Financial advisors and investment management consultants have long recognized that different fund managers have different investment styles. Some focus on stock picking, while others rotate amongst sectors or asset classes based on macroeconomic bets. And those who don’t think active managers can do any of those things successfully simply buy index funds.
In recent years, though, Martijn Cremers and Antti Petajisto have published research suggesting that many active managers may be closer to an index fund that their investors realize. These “closet indexer” funds can be identified by their low Active Share – a measure created by Cremers and Petajisto to measure the extent to which a portfolio’s holdings deviate from its underlying benchmark, which appears to do a better job than tracking error at identifying which fund managers are really making active bets (or not).
And the Active Share research finds that closet indexers really do tend to underperform. Of course, the result that isn’t entirely surprising, as in general index funds are expected to underperform their benchmark by the amount of their fees, and an actively managed fund with a higher active management fee that really just holds the benchmark anyway would simply amount to an unusually expensive index fund.

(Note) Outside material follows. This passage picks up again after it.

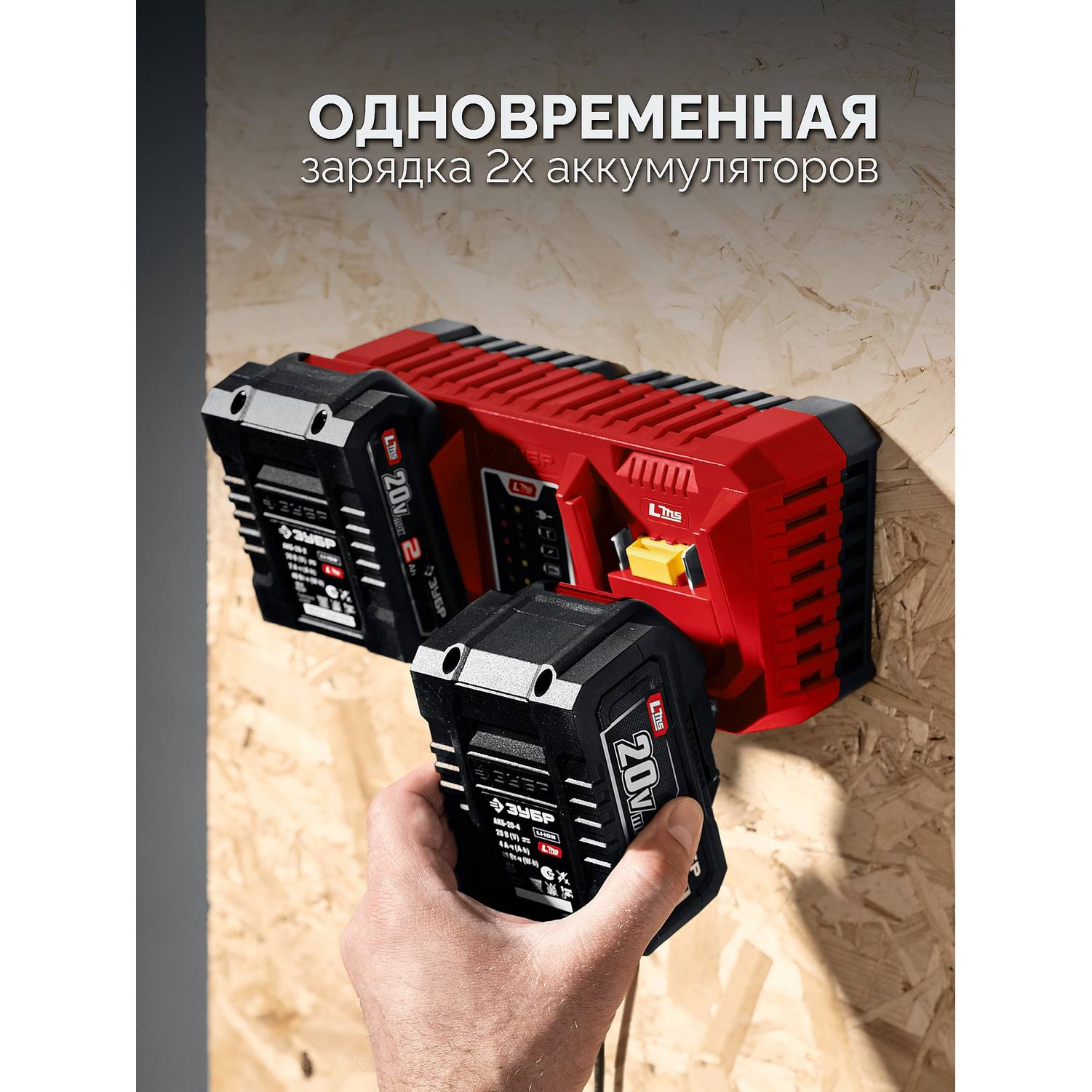 ЗУБР  20 В, 2 порта, 2 х 3 А, зарядное устройство для LMS АКБ {БЗУ-20-2}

Which means Active Share itself can be an effective way to evaluate the appropriateness of an investment manager’s fee in the first place. Funds that have low Active Share and resemble their benchmark will behave like index funds, and should charge index-fund-like fees. By contrast, funds that have higher Active Share – which are taking a larger portion of active portfolio bets – at least have the potential to outperform their higher active management fees. Though ultimately the jury is still out about whether high Active Share funds really outperform on average, or are simply an indicator of which funds might be able to outperform!